▶ GIVEN DATA
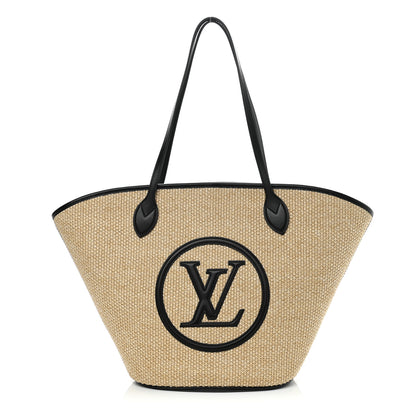 Louis Vuitton Raffia Saint Jacques Tote Black 3 of 10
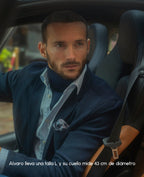 Jersey de cuello vuelto minimo azul hombre
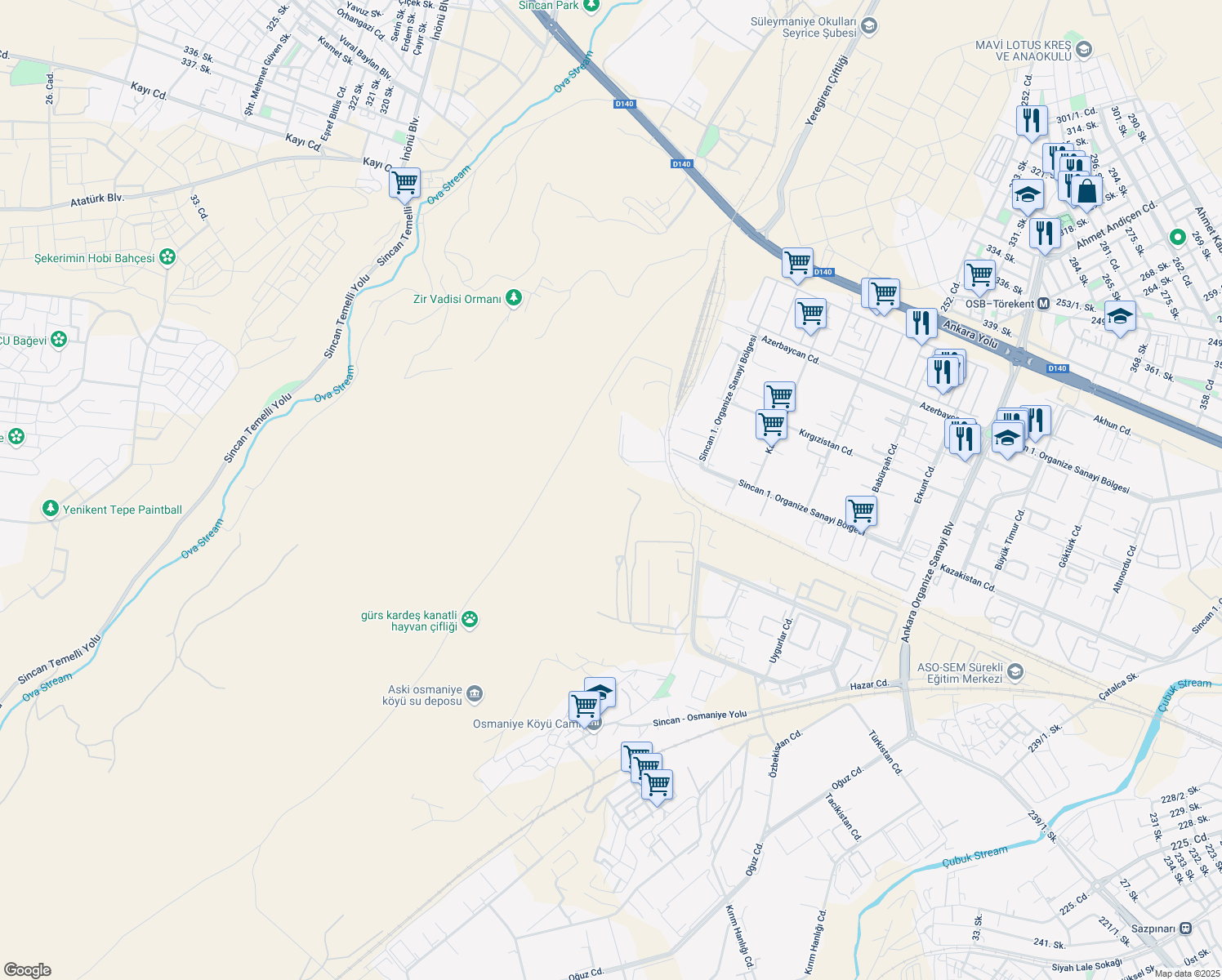 map of restaurants, bars, coffee shops, grocery stores, and more near in Sincan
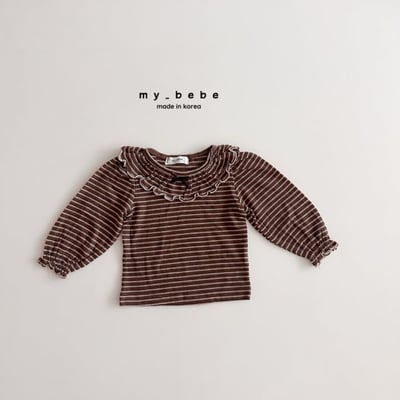 my_bebe11｜(-12m-7y) 荷葉領條紋上衣16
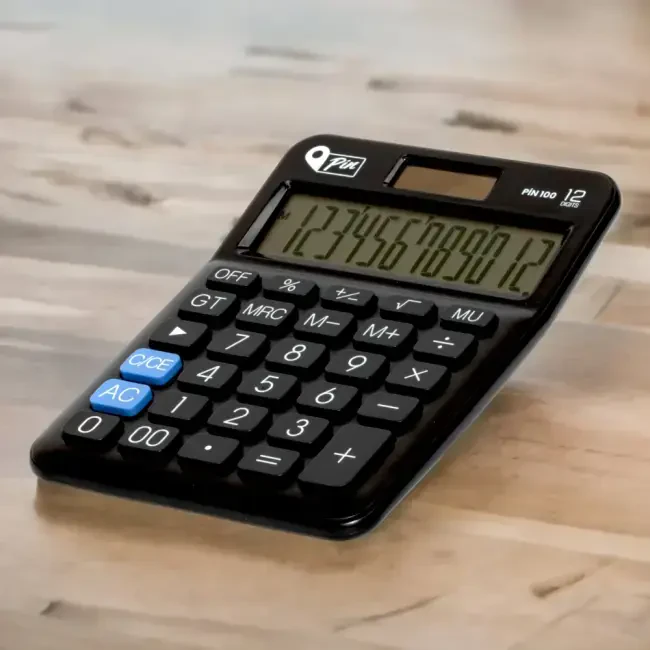 Pin Masaüstü Hesap Makinesi Siyah No:100 - 3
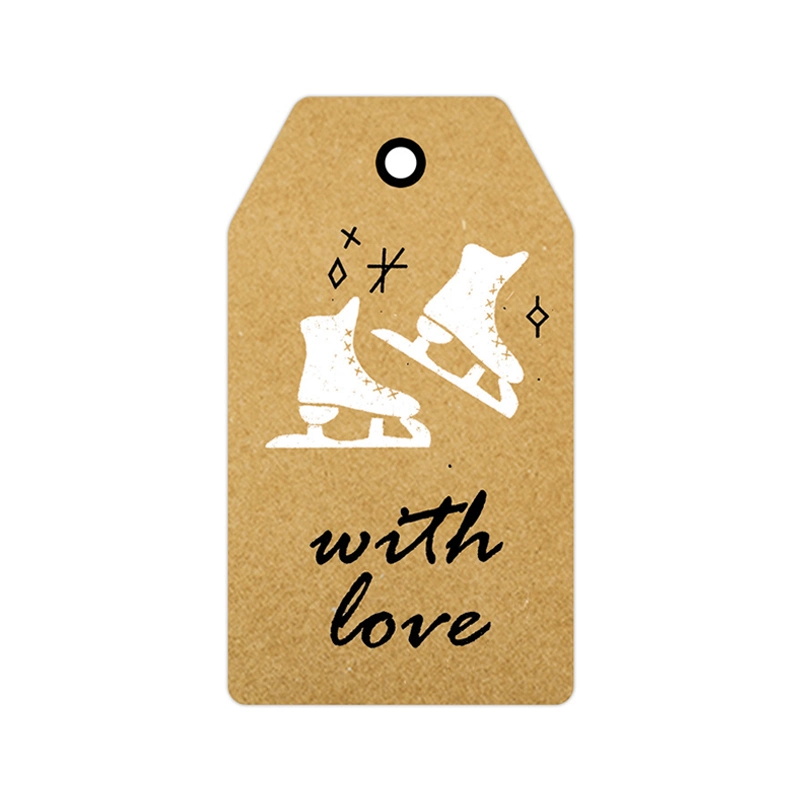 Custom Christmas Gift Set Tags Biodegradable Kraft Paper Embossed Clothing Tag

▶ REQUIRED ACTION
Begin with the line that contains "map of restaurants, bars, coffee" and repeat every line through the end of the data, exactly and only those lines, leaving out the pictures.

▶ ANSWER TO THE EXERCISE
 map of restaurants, bars, coffee shops, grocery stores, and more near in Sincan
 my_bebe11｜(-12m-7y) 荷葉領條紋上衣16
 Pin Masaüstü Hesap Makinesi Siyah No:100 - 3
 Custom Christmas Gift Set Tags Biodegradable Kraft Paper Embossed Clothing Tag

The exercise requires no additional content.